Por otro lado, la creación de identidades artificiales, aunque exitosa, deja muchas dudas en el camino. Obviamente hablo de la casta y el pueblo, conceptos que ayer usaban los ultras mediáticos, hoy personas bien intencionadas y mañana quién sabe. Los juegos de reapropiación es lo que tienen, puedes acumular muchas cartas pero, en la siguiente jugada, quizá se las quede tu enemigo. Aún así el problema es, sobre todo, que al final el lenguaje acaba de modelar las formas de pensar. No basta con repetir “clase trabajadora” para que por sí mismo esto opere un cambio. No decirlo, al final, hace olvidar -o quizá nunca conocer- cuál es ese concepto que lleva haciendo avanzar a la historia desde hace siglos. No es casual, por tanto, que desde estas posiciones a veces se exprese como salida la subvención al pequeño empresario: no es una cuestión de maldad o ética, es, simplemente, que al final se acaba pensando como se habla. No construimos narrativas para impresionar a un gran auditorio social, lo hacemos para poder representar la realidad de una forma exitosa, para guiar nuestras acciones, para ayudarnos a decidir.

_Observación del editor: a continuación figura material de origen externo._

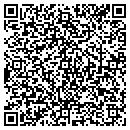 QR code with Andrews John D CPA contacts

Por un lado quienes creen tener una respuesta estructurada al actual estado de cosas han sido incapaces de llegar a influir en los trabajadores. No han llegado siquiera a visualizarse como una alternativa que merezca la atención, y eso, tras esta sangría descomunal (no es dramatismo, las cifras son de guerra) es para replantearse un par de cosas. Por otro, quienes sí han conseguido conectar lo hacen de una forma superficial, encarnando un papel en un juego de roles fácilmente modificable, dependiendo de una figura carismática, siendo, más que una esperanza por ellos mismos, una herramienta que ha encauzado el odio a lo existente. La encrucijada es importante, pero de difícil encaje. Yo, al menos, desconozco la respuesta. Y quizá en la asunción de esta incertidumbre se halla una forma de actuar: hacer el menor ruido necesario para poder escuchar, y dejar, sobre todo, que el debate se desarrolle en las mejores circunstancias posibles.